After locating the line that bears "Una sala de", restate word for word that line and the rest of the listing to its final line, excluding all pictures.

***** DATASET RECORDS

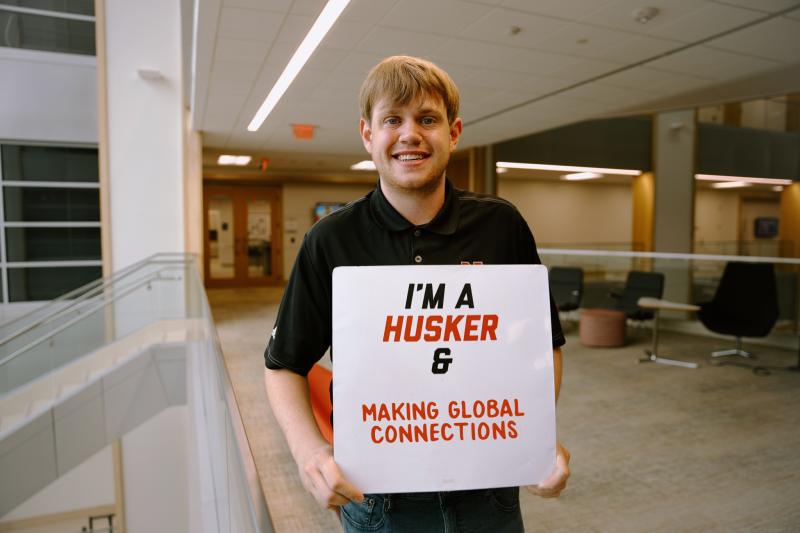 Devan smiles for a photo in Hawks Hall with a board that reads “I’m a Husker & making global connections”
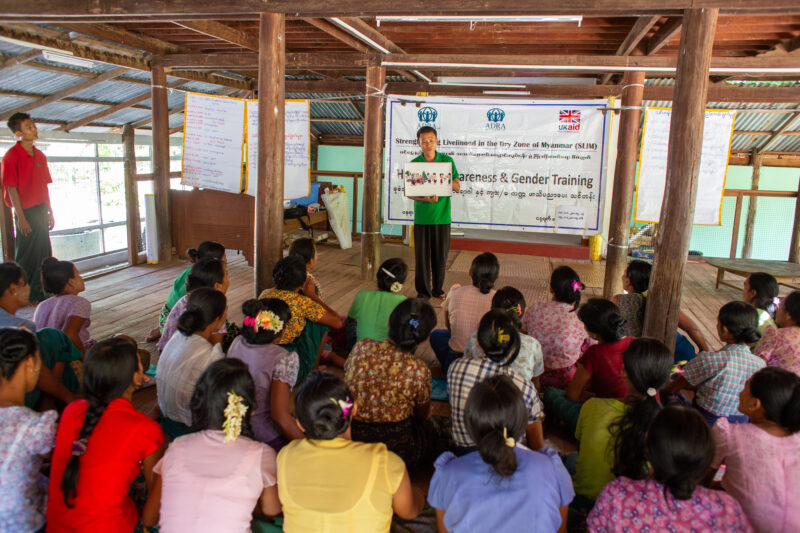 Health Education — Rural community group attends Adult education in health and income generating enterprises. — Adult, Eyes Open, Frontal Face, Male, One Face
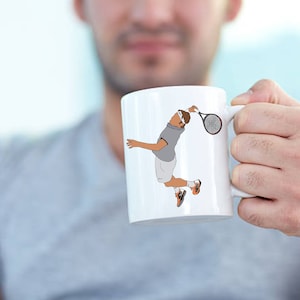 May include: White ceramic mug featuring a tennis player in action, with a gray shirt, white shorts, and a brown headband. The player is mid-swing with a tennis racket. The mug is held by a person.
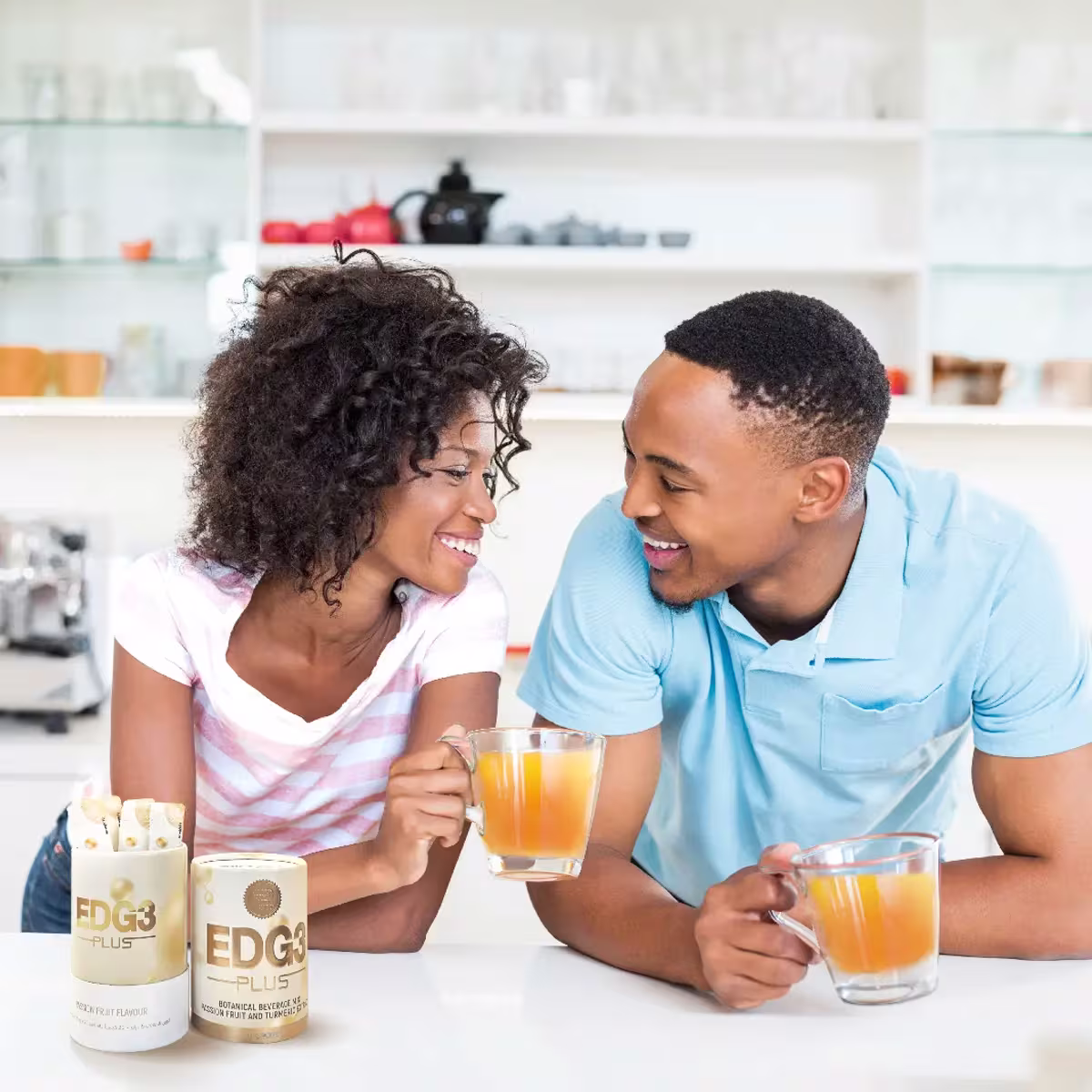 Summer Skincare Tips For Healthy, Glowing Skin 7 Couple enjoying Edg3 in kitchen looking at eachother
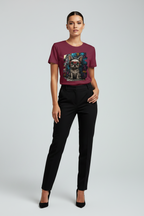 A woman modeling a short-sleeve crewneck t-shirt in burgundy with a colorful graphic print of a pug on the front, paired with black trousers and black heels, against a light gray studio background.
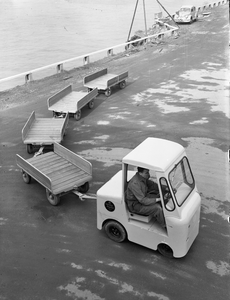 821696 Afbeelding van een Lansing Bagnall elektrowagen met enkele aanhangwagens voor intern transport op het terrein ...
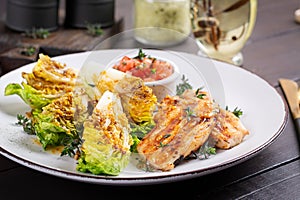 Grilled chicken fillet with mini romen and tomatoes salsa photo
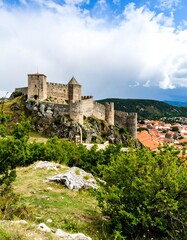 Obraz premium Medieval Fortress Perched Atop a Rocky Hillside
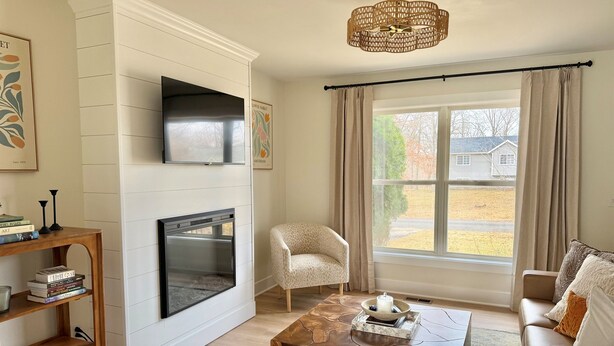 Una sala de estar con chimenea, televisor, sofá, mesa de centro y una ventana con cortinas.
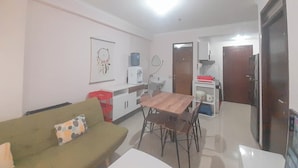 A compact living space with a dining table, a sofa, a water dispenser, and a refrigerator. - Basic 2Br At Gateway Pasteur Apartment (Cimahi)
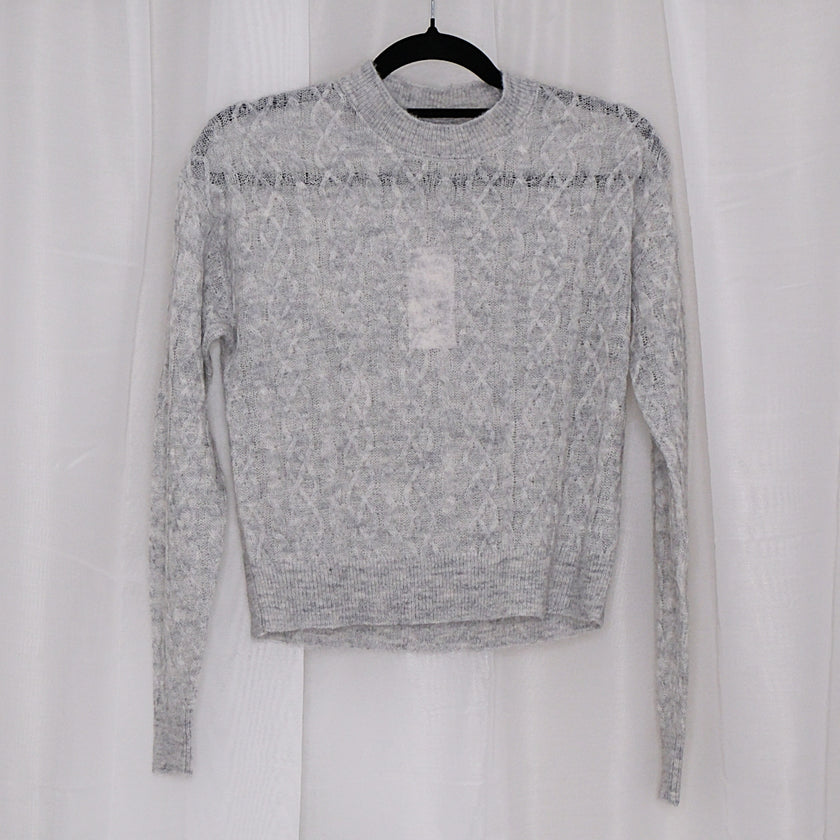 Grey sweater on a hanger against a white background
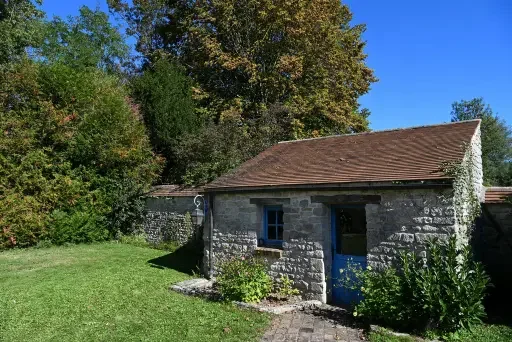 A stone building with a brown roof, blue door, and window, surrounded by green grass and trees.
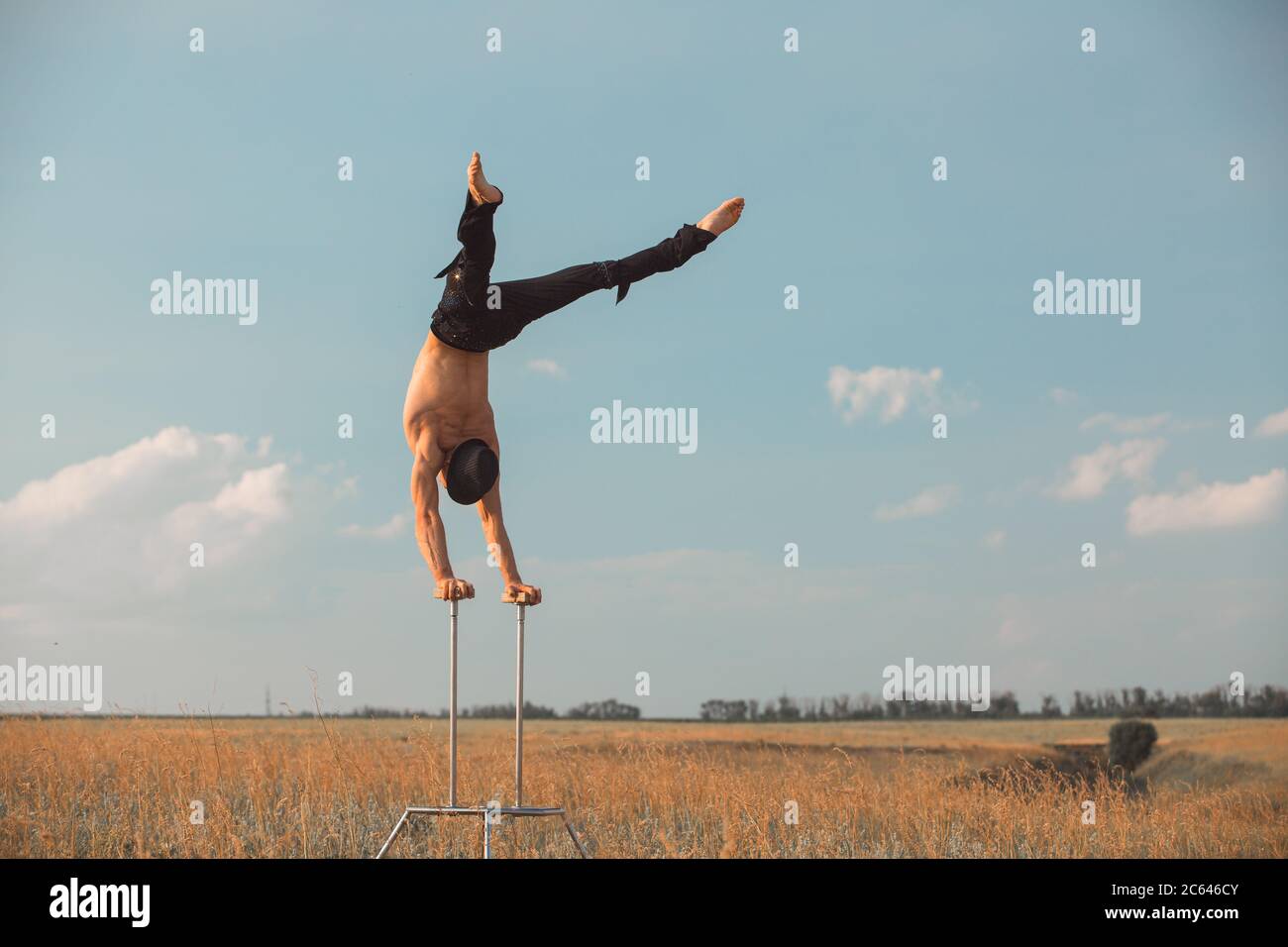 performance of an aerialist outdoors during sunset Stock Photo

**********

• TASK ANSWER
 Una sala de estar con chimenea, televisor, sofá, mesa de centro y una ventana con cortinas.
 A compact living space with a dining table, a sofa, a water dispenser, and a refrigerator. - Basic 2Br At Gateway Pasteur Apartment (Cimahi)
 Grey sweater on a hanger against a white background
 A stone building with a brown roof, blue door, and window, surrounded by green grass and trees.
 performance of an aerialist outdoors during sunset Stock Photo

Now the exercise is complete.